Tuesday, November 1st, 2022 04:30 | By
New CRA team must share resources well
Kenya Revenue Authority. PHOTO/Courtesy

Students of political science and economics often refer to history to reflect on how it relates to current conditions affecting citizens in their nations.

These reflections reveal remarkable historical similarities in the “struggle” narratives of people across all continents for freedom, identity and an improved way of life.

Current grim economic conditions facing Kenyans and the vulnerable in other developing nations mirror the struggles that prevailed in two continents in the late 18th century.

The American and French Revolutions were fought several years and an ocean apart. Yet they were similar in that they subverted an existing monarchical government. They both also created ripe conditions for constitutionalism and deep patriotism.

What lessons can Kenya learn from the two revolutions, particularly in view of the prevailing economic woes haunting citizens? The two revolutions influenced one another and had profound worldwide impact.

Monumental scholarly works, rich debate and information exist on these historic revolutions.

However, they share one distinct similarity that forms a subject of keen interest to Kenyans – they were both borne of dire economic conditions.

We have just come through a divisive election that in essence has left the nation as divided politically as it was before 9 August. But citizens across the political divide are singularly united in suffering the economic challenges that contributed to the basis for the two revolutions.

The new government based its campaigns on addressing economic problems facing the poor and downtrodden in society, coining the “hustler” and “bottom-up” economics that resonated with this class of voters.

In post-election reality, the new administration is confronted with the task of raising money to fulfill its promises and transform a battered economy burdened by rampant poverty, high public debt, unemployment, corruption and an abysmal lack of basic social care.

Ironically the main available channel for raising the money to meet these obligations amid this litany of economic woes is taxation.

It is a delicate task that must be handled with extreme caution as it mirrors the conditions that caused the American and French Revolutions.

Both had money-related woes and the financial pressures (taxation) the monarchies in the British colony and the French nation placed on their subjects.

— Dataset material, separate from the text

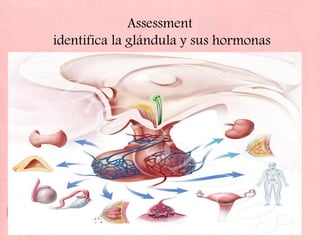 Assessment
identifica la glándula y sus hormonas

Not that they opposed the taxation itself, but they were more vexed by the lack of a reasonable basis for the taxation, giving rise to the phenomenon known as “taxation without representation”.

Adopting a curious macroeconomic management approach in a liberalized economy, how does government expect to rope in citizens to tax? This when they do not have an income or are barely surviving on less than a dollar a day, as most “hustlers” and the majority poor in the rural areas do?

The dismal pre-revolution French economy depicts images of hungry, poverty-stricken peasants. Unable to pay off national debts using the scant money it received on the tax for traded goods, the King imposed further taxes on the peasants.

Paradoxically the wealthiest were not obligated to pay taxes, thereby pulling the two social classes apart. The two revolutions provide critical lessons for Kenya and other African nations.

The tax-related woes were related to greed (read corruption), exploitative control and were more deeply rooted in a historic division of social class.

Although the rich and poor had been long separated, unfair taxation totally isolated the two groups.

This resulted in famine and extreme poverty for the lower classes, leaving them with no choice but to revolt.